* [What you need to do]: All lines from the opening of the data to the line containing "A man in a black" must be returned unchanged, and only those lines.

[Caption-style text data]
▬▬▬

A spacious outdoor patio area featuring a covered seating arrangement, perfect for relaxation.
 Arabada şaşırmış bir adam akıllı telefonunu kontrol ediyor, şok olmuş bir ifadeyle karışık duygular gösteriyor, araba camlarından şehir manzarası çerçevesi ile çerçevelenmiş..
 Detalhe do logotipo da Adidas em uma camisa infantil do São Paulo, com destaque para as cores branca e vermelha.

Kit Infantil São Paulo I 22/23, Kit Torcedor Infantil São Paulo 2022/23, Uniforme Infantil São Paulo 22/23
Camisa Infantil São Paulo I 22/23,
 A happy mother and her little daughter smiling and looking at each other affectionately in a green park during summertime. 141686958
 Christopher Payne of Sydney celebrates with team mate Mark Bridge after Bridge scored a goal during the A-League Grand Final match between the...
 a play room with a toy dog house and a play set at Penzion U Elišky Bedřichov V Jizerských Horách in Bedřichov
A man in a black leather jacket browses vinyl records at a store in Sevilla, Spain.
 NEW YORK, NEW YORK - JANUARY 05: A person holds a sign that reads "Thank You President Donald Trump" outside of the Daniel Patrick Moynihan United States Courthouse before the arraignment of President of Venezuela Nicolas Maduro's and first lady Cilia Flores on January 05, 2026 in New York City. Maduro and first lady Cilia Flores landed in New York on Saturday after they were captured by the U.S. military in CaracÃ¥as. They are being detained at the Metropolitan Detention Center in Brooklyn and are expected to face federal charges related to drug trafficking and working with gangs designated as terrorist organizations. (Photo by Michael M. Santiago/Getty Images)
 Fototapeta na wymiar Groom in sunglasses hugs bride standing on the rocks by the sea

▬▬▬

* [Solution to this problem]:
A spacious outdoor patio area featuring a covered seating arrangement, perfect for relaxation.
 Arabada şaşırmış bir adam akıllı telefonunu kontrol ediyor, şok olmuş bir ifadeyle karışık duygular gösteriyor, araba camlarından şehir manzarası çerçevesi ile çerçevelenmiş..
 Detalhe do logotipo da Adidas em uma camisa infantil do São Paulo, com destaque para as cores branca e vermelha.

Kit Infantil São Paulo I 22/23, Kit Torcedor Infantil São Paulo 2022/23, Uniforme Infantil São Paulo 22/23
Camisa Infantil São Paulo I 22/23,
 A happy mother and her little daughter smiling and looking at each other affectionately in a green park during summertime. 141686958
 Christopher Payne of Sydney celebrates with team mate Mark Bridge after Bridge scored a goal during the A-League Grand Final match between the...
 a play room with a toy dog house and a play set at Penzion U Elišky Bedřichov V Jizerských Horách in Bedřichov
A man in a black leather jacket browses vinyl records at a store in Sevilla, Spain.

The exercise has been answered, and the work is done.